For archiving especially if you are going to do crazy things like dump PostGIS geometries/geographies in your hstore (a storelocken), you should use GIST instead of GIN since GIN is lossless, will fail for large sizes. For this example we'll at most just have tiny points in this exercise.

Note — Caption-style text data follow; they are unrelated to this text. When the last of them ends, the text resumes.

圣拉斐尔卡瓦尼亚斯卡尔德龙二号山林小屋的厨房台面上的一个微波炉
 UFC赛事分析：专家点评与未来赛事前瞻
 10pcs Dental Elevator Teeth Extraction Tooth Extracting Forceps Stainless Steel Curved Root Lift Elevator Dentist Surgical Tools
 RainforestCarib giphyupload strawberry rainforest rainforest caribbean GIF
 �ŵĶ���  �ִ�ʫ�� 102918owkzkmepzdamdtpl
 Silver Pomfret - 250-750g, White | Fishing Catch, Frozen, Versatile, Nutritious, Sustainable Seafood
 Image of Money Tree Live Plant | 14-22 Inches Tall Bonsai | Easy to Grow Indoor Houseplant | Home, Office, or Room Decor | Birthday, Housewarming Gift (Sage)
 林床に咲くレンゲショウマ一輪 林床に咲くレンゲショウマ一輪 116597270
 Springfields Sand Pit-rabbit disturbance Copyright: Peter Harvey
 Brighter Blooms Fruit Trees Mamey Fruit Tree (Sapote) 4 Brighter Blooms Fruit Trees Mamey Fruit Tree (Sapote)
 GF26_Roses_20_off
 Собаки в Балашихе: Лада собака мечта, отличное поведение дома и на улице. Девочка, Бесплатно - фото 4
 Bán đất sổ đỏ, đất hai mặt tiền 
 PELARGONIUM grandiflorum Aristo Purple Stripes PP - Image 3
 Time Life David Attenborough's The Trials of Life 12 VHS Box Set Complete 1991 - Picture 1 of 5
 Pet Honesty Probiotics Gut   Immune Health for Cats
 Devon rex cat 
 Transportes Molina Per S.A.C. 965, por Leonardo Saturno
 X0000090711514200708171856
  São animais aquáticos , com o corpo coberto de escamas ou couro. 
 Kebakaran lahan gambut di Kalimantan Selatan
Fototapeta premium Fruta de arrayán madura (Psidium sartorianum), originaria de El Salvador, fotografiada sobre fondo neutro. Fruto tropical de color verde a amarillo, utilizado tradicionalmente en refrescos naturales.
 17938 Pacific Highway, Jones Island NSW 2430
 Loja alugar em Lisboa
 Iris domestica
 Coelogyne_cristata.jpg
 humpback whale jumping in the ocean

CREATE INDEX idx_archive_data ON archive USING gin (data);

Archiving data

For Archiving we could use triggers or just build into our delete/update logic using a writeable CTE like

-- update data --
WITH cte AS (UPDATE contacts SET email = 'fgump2@bg12345.com' WHERE first_name = 'Forrest' RETURNING *) 
 INSERT INTO archive(table_name, row_id, archive_type, data)
 SELECT 'contacts', cte.id::text, 'U', hstore(cte) As data
 FROM cte;

Later on we might think its nice to store the locations of our contacts with a geography point field

-- change structure
CREATE EXTENSION postgis;
ALTER TABLE contacts ADD COLUMN geog geography(Point,4326);
CREATE INDEX idx_contacts_geog ON contacts USING gist(geog);

Then we update a record

-- update again --
WITH cte AS (UPDATE contacts SET geog = ST_Point(-71.060, 42.358)::geography 
  WHERE first_name = 'Forrest' RETURNING *) 
 INSERT INTO archive(table_name, row_id, archive_type, data)
 SELECT 'contacts', cte.id::text, 'U', hstore(cte) As data
 FROM cte;

Then delete a record

WITH cte AS (DELETE FROM contacts WHERE first_name = 'Joey' RETURNING *) 
 INSERT INTO archive(table_name, row_id, archive_type, data)
 SELECT 'contacts', cte.id::text, 'D', hstore(cte) As data
 FROM cte;

Inspecting our Archive

 -- query data -
 SELECT table_name, row_id, data ? 'geog' As has_geog
  , data->'first_name' As first_name, archive_dt
 FROM archive;
 table_name | row_id | has_geog | first_name |          archive_dt
-----------+--------+----------+------------+-------------------------------
contacts   | 2      | f        | Forrest    | 2014-04-24 23:26:45.407163-04
contacts   | 2      | t        | Forrest    | 2014-04-24 23:31:57.034065-04
contacts   | 1      | t        | Joey       | 2014-04-24 23:32:13.314088-04

Note the output tells us that the first time we updated Forrest, we did not have a geography column and second time we updated Forrest and when we deleted Joey, we had a geography column. Of course you can do more interesting queries like each() etc to get values of every single field as needed.